At the annual parliamentary session in early March, Chinese authorities reiterated that 2015 is going to be another crucial year for comprehensive and sweeping economic/social reforms in China. Apart from that, China aims to achieve: 1) economic growth of 7.0 percent; 2) inflation at 3.0 percent; 3) additional 10 million jobs on an unemployment rate of 4.5 percent or less; and, 4) 6-percent growth in international trade value. It is noteworthy that China's economic expansion target of 7.0 percent this year is even lower than that in 2014 when it hit a 24-year low at 7.4 percent. This humble target is a result of ongoing anxiety about deep-rooted economic problems faced by the nation.

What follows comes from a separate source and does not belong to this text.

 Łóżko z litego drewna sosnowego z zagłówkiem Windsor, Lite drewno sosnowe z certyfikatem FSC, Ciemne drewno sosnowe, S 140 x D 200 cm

Since the beginning of this year, China has exhibited signs of stuttering economy. Sluggishness is particularly obvious in the manufacturing sector, which is the nation's main growth-engine. Despite numerous risks, China remains steadfast towards keeping economic growth at appropriate levels while pressing ahead with reforms. KResearch holds the view that China probably will have other new tools to help shore up its economy in 2015, projecting that the state will likely miss its target by a whisker, only expanding around 6.9 percent.
Within the foreseeable future, if China can overcome its existing structural problems with the help of development strategies that highlight regional development cooperation, e.g., implementation of its Silk Road Economic Belt, and the 21st Maritime Silk Road, its growth should improve. China has also set out to pursue a “Made in China 2025” strategy that is intended to restore Chinese products' poor image of being low in quality by incorporating sophisticated technology. With these constructive measures, it is expected that China's economy will gain some momentum over the long run amid a rapidly changing trade and investment landscape.